Finally, some organic coatings function as selective ion-transport layers, simultaneously stabilizing the interface and improving reaction selectivity. Sun et al. designed a polyaniline (PANI) nanolayer coating on MnO₂ cathode to enhance interfacial ion transport and stability (Fig. 4g).¹²⁶ The conductive PANI layer facilitates proton conduction and acts as a selective barrier, regulating Zn²⁺ intercalation and promoting MnO₂ redeposition through the formation of Mn–N interfacial bonds and a proton-rich environment (Fig. 4h). These interfacial improvements significantly lower polarization voltage and enhance redox kinetics (Fig. 4i). As a result, the PANI-coated MnO₂ cathode with a mass loading of 23.5 mg cm⁻² demonstrated exceptional durability, delivering 171 mAh g⁻¹ at 0.03 A g⁻¹ over 110 cycles. A maximum capacity of 1.5 Ah at 0.15 mA cm⁻² with 99.1% coulombic efficiency after 11 cycles was reported in series-connected pouch cells based on PANI-coated MnO₂.

3.3. Substrates design

As discussed above, achieving uniform ion and electron distribution across the electrode is critical for high-performance MnO₂ cathodes, as it promotes efficient ion transport, mitigates local current density hotspots, and regulates reaction kinetics.^108,127 However, in conventional planar electrodes, current density often concentrates near the surface, leading to uneven utilization of active material at the top layer. To overcome this limitation, 3D current collectors are widely employed for high-loading MnO₂ electrodes.¹²⁸ Their interconnected conductive networks and large surface area redistribute electron and ion flux, enabling uniform electrochemical reactions and improved cycling stability.¹²⁹ Although the introduction of a 3D architecture inevitably increases the volume and mass of the battery, thereby reducing energy density, the resulting higher electrochemical efficiency makes such designs better suited for applications in which energy density is not the primary constraint, such as grid-scale LDES and other stationary storage systems.
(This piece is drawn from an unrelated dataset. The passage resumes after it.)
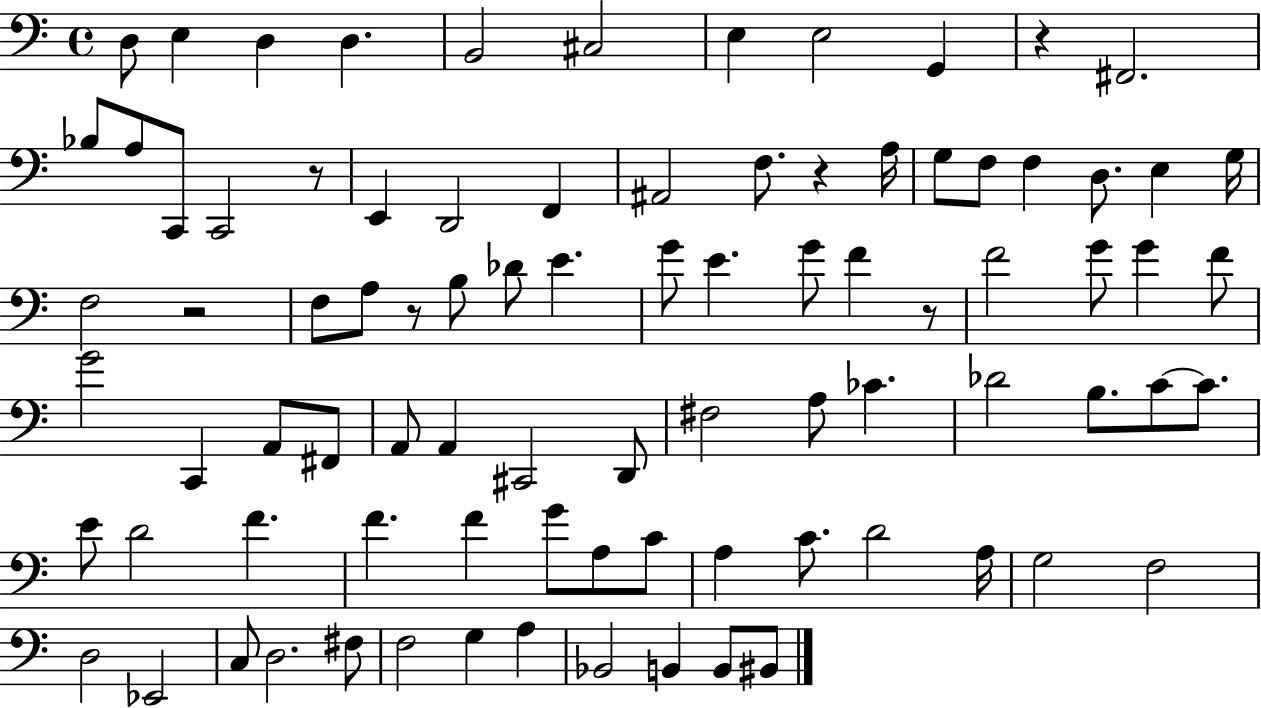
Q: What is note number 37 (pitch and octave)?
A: F4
Carbon-based substrates are widely used for this purpose due to their flexibility, mechanical strength, moderate porosity, and good electrical conductivity. In addition, their lightweight nature, cost-effectiveness, and chemical stability in acidic electrolytes make them more attractive than metallic substrates. Typically, MnO₂ is integrated onto carbon scaffolds such as carbon cloth,^130–132 carbon felt,^7,133 and carbon paper,^134,135 which serve as cathodes in AZIB research or as deposition substrates in electrolytic Zn–MnO₂ batteries, where the cell is first charged to electrodeposit MnO₂ to achieve high areal loadings.
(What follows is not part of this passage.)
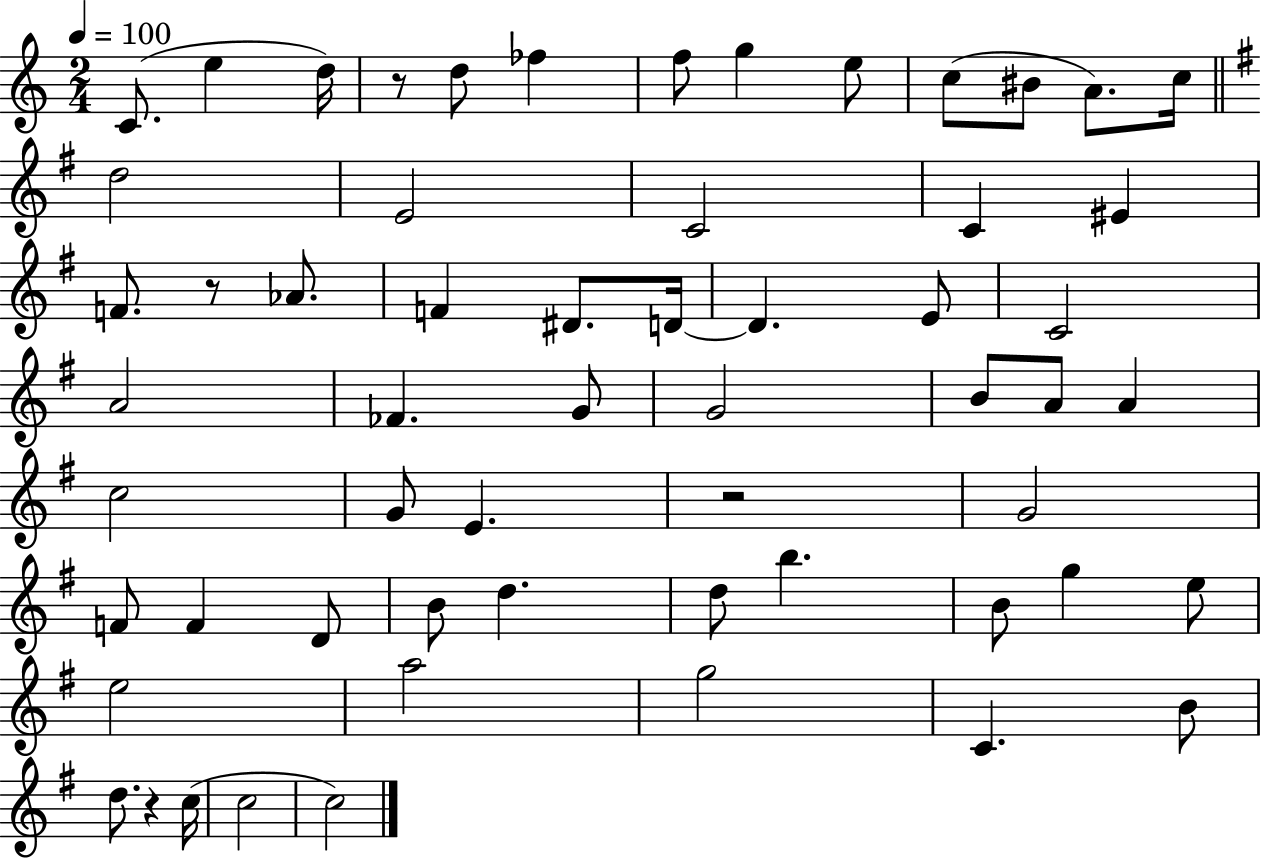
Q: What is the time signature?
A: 2/4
As uniform electrodeposition is critical for achieving highly reversible MnO₂ utilization, the growing interest in high areal-capacity Zn–MnO₂ batteries has intensified efforts to understand how the morphology and surface chemistry of current collectors govern deposition behavior. For example, Majumder et al. systematically studied MnO₂ electrochemistry on various carbon substrates, including carbon cloth, graphite felt, and carbon nanotube (CNT) frameworks.¹³⁶ Their findings revealed that defect-rich surfaces with abundant oxygen-containing functional groups in carbon cloth and graphite felt promote better ionic transport and faster deposition–dissolution compared to CNTs.

Additionally, Li et al. demonstrated that at high deposition capacities, MnO₂ becomes increasingly susceptible to nonuniform deposition, which promotes stress accumulation and ultimately leads to crack formation in dense MnO₂ layers. Such deposition-heterogeneity-induced material detachment was identified as a primary cause of capacity fading and poor cycling stability (Fig. 5a).⁸⁷ Specifically, large cracks appeared after depositing 10 mAh cm⁻² of MnO₂ on pristine carbon fiber (PCF), which subsequently led to bulk MnO₂ detachment during discharge (Fig. 5b). To address this, they introduced CNT frameworks onto carbon felt (CNT/CF) via in situ vapor-phase growth, guiding the uniform deposition of porous MnO₂ and thus alleviating mechanical stress. As a result, the electrode exhibited crack-free MnO₂ deposition even after plating 40 mAh cm⁻² (Fig. 5c), and the full cell achieved stable cycling over 200 cycles at a high areal capacity of 15 mAh cm⁻².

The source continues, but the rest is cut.